The records must be duplicated exactly, with every picture left out.
--- START ---
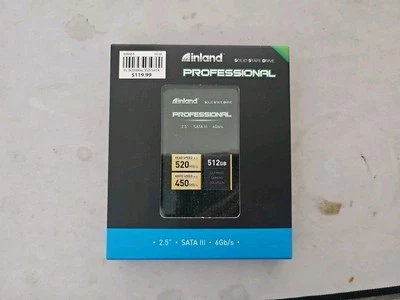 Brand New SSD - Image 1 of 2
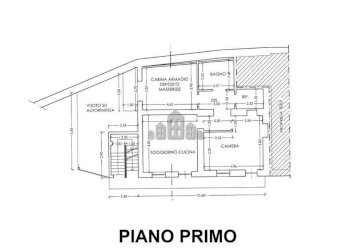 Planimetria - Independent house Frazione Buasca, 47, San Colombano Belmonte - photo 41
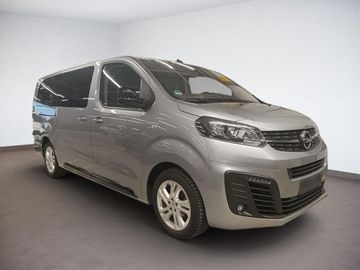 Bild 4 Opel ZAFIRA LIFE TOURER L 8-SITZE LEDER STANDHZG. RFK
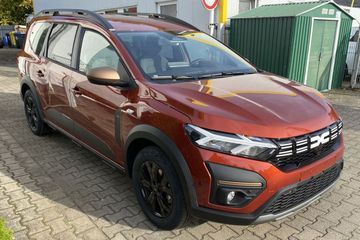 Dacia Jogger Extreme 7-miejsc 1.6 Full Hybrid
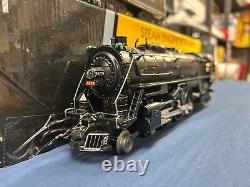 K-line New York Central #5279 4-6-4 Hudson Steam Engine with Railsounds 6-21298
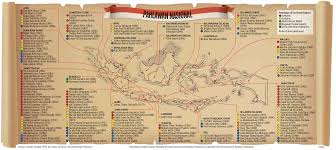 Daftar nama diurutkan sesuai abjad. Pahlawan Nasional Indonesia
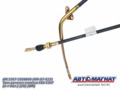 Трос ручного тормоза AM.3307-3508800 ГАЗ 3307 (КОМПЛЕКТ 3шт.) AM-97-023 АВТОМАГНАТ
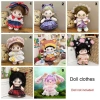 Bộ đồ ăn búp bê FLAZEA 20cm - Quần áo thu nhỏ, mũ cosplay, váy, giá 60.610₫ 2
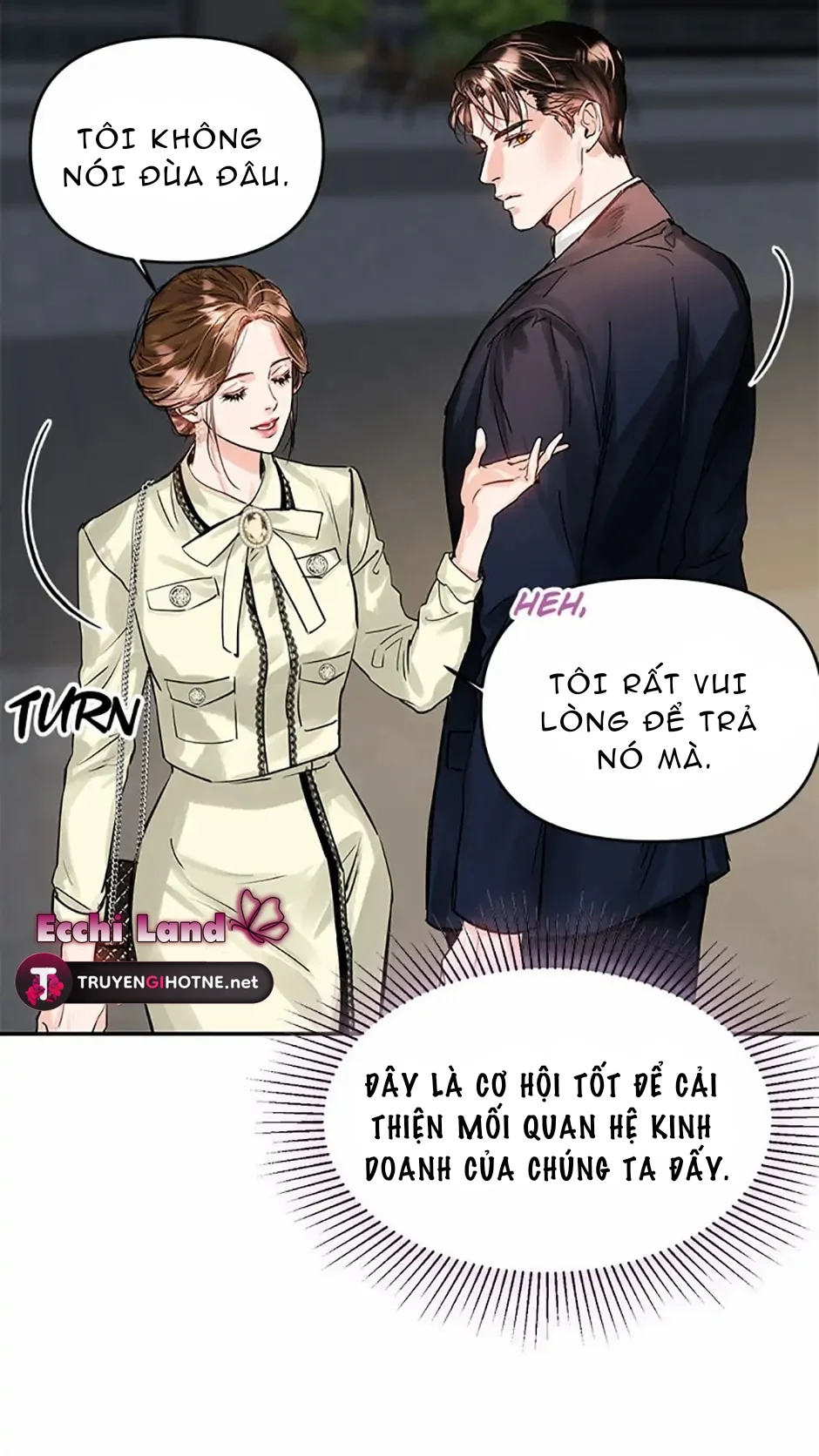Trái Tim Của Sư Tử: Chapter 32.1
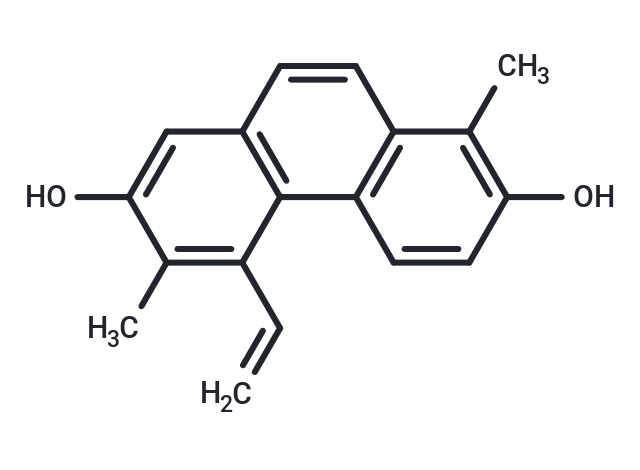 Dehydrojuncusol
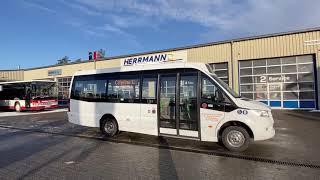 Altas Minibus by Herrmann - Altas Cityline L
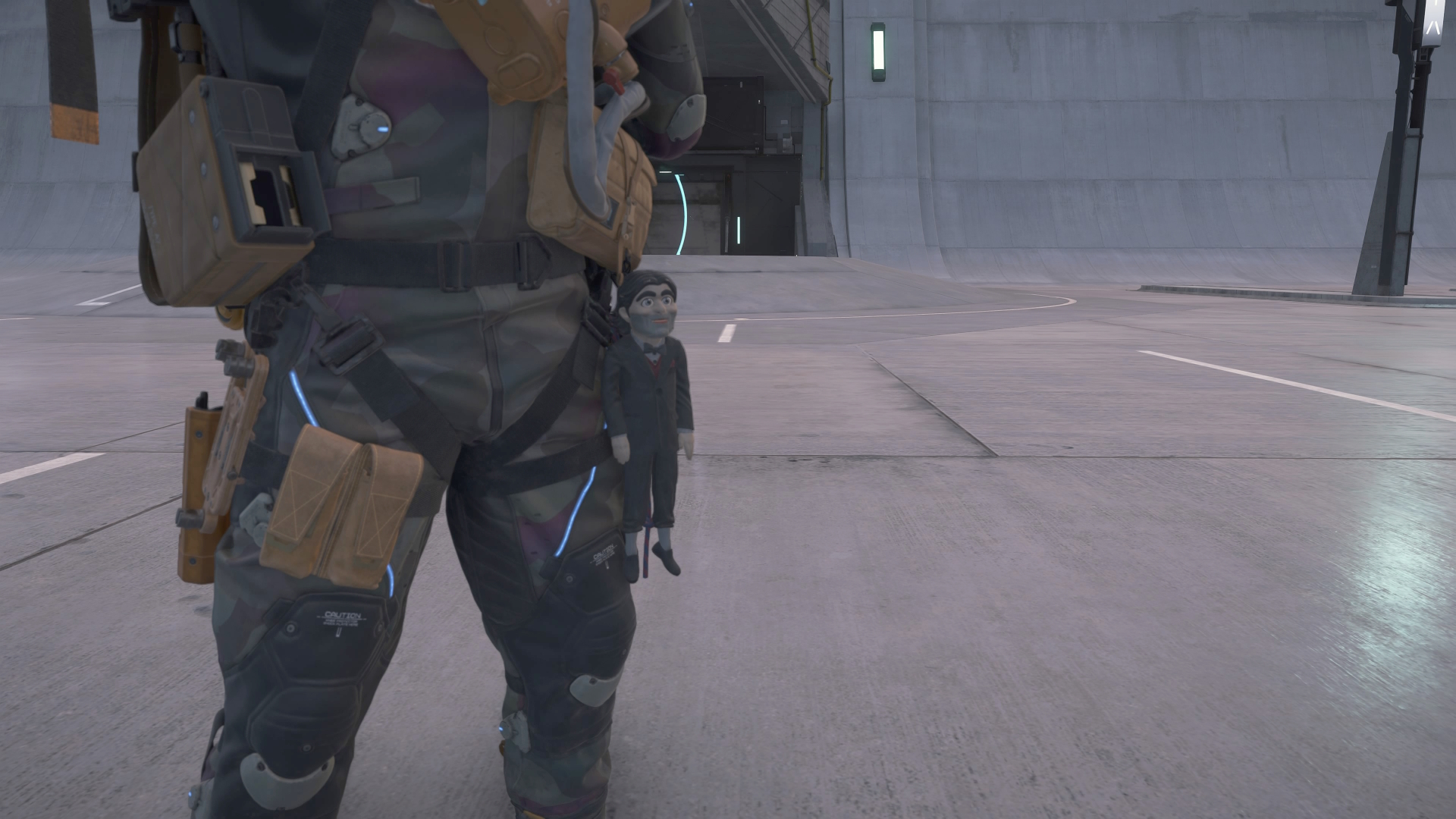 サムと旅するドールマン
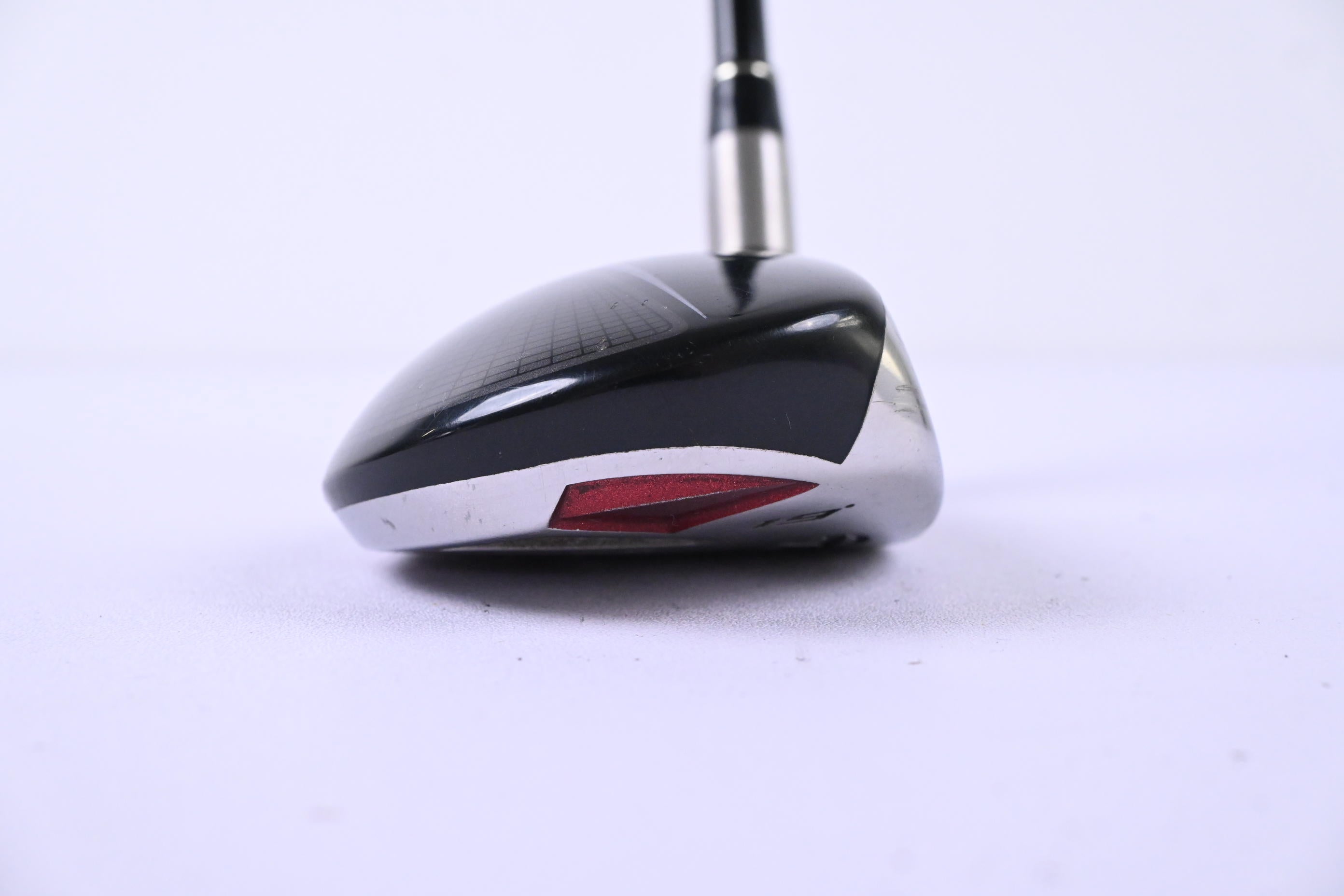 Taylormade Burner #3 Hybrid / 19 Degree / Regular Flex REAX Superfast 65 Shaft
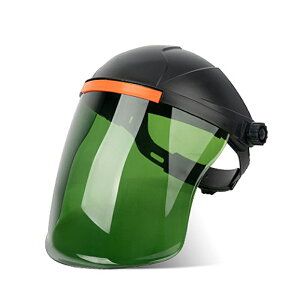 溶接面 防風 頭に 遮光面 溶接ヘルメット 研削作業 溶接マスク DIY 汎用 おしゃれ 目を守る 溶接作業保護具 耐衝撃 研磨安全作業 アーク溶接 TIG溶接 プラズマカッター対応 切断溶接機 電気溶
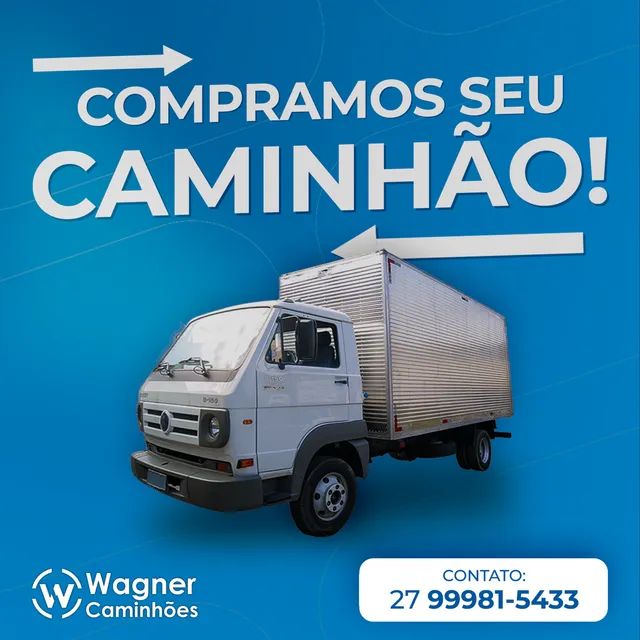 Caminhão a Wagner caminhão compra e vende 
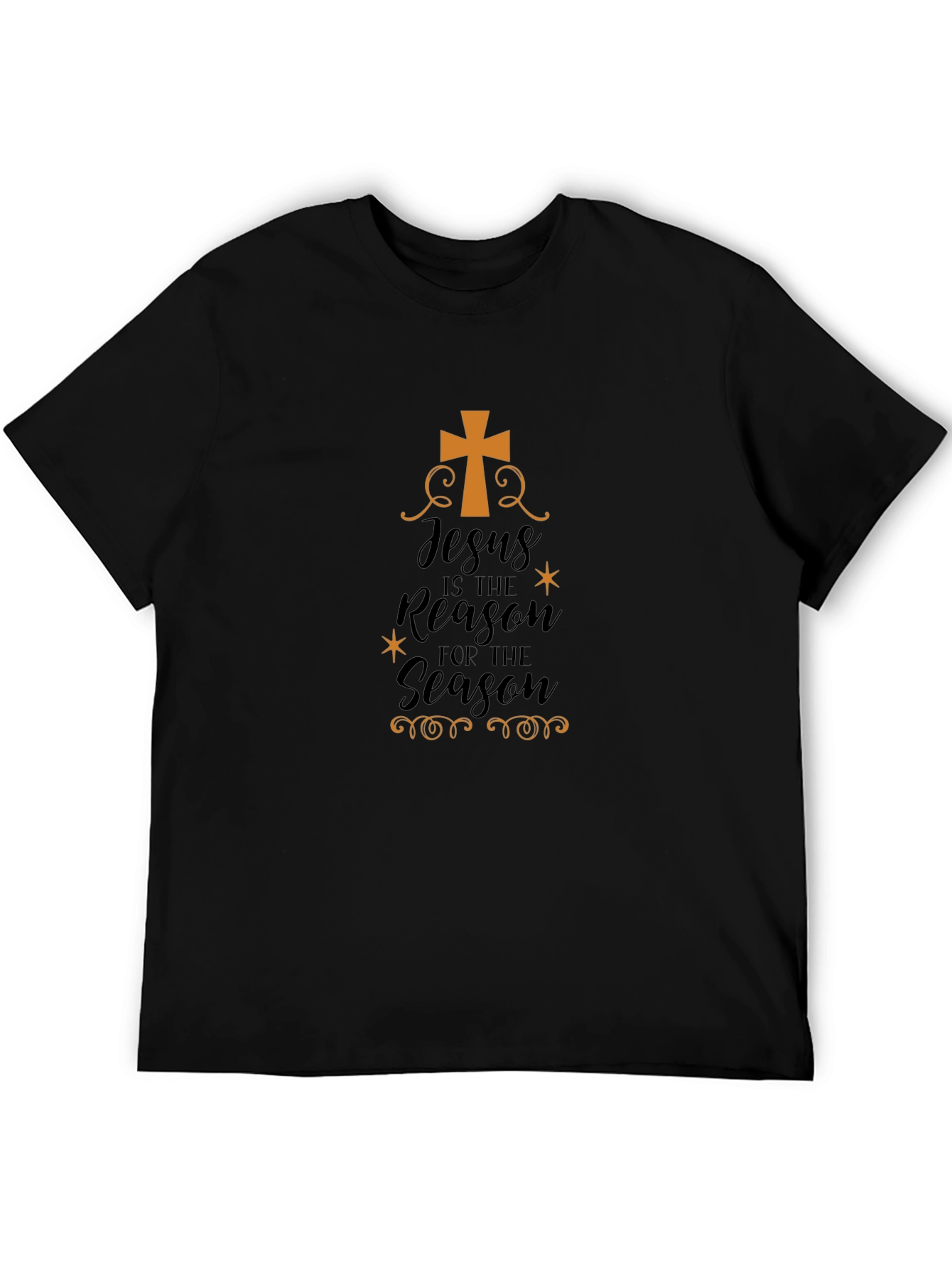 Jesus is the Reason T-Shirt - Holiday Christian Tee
--- END ---
→ **Output of the exercise**:
 Brand New SSD - Image 1 of 2
 Planimetria - Independent house Frazione Buasca, 47, San Colombano Belmonte - photo 41
 Bild 4 Opel ZAFIRA LIFE TOURER L 8-SITZE LEDER STANDHZG. RFK
 Dacia Jogger Extreme 7-miejsc 1.6 Full Hybrid
 K-line New York Central #5279 4-6-4 Hudson Steam Engine with Railsounds 6-21298
 Daftar nama diurutkan sesuai abjad. Pahlawan Nasional Indonesia
 Трос ручного тормоза AM.3307-3508800 ГАЗ 3307 (КОМПЛЕКТ 3шт.) AM-97-023 АВТОМАГНАТ
 Bộ đồ ăn búp bê FLAZEA 20cm - Quần áo thu nhỏ, mũ cosplay, váy, giá 60.610₫ 2
Trái Tim Của Sư Tử: Chapter 32.1
 Dehydrojuncusol
 Altas Minibus by Herrmann - Altas Cityline L
 サムと旅するドールマン
 Taylormade Burner #3 Hybrid / 19 Degree / Regular Flex REAX Superfast 65 Shaft
 溶接面 防風 頭に 遮光面 溶接ヘルメット 研削作業 溶接マスク DIY 汎用 おしゃれ 目を守る 溶接作業保護具 耐衝撃 研磨安全作業 アーク溶接 TIG溶接 プラズマカッター対応 切断溶接機 電気溶
 Caminhão a Wagner caminhão compra e vende 
 Jesus is the Reason T-Shirt - Holiday Christian Tee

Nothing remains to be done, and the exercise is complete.